*Given material*:
⟨

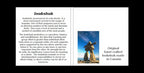 Inukshuk (5) Friendship Circle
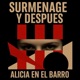 surmenage y después Single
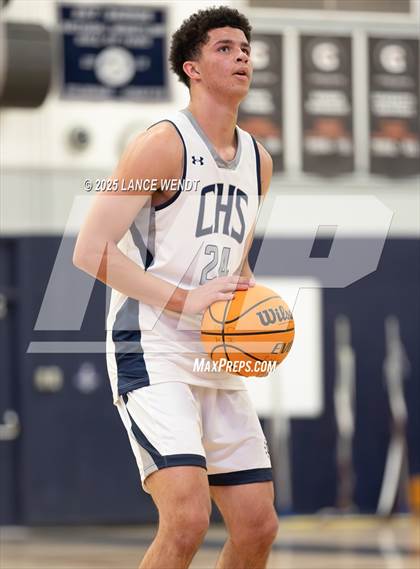 Thumbnail 2 in Valor Christian @ Columbine photogallery.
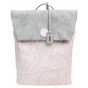 náhled Rieker dámský batoh H1386-40 fog-peppermint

⟩

Would you give again exactly the lines from the line containing "surmenage y después Single" through the end of the listing, both ends included, without any pictures?

 surmenage y después Single
 Thumbnail 2 in Valor Christian @ Columbine photogallery.
 náhled Rieker dámský batoh H1386-40 fog-peppermint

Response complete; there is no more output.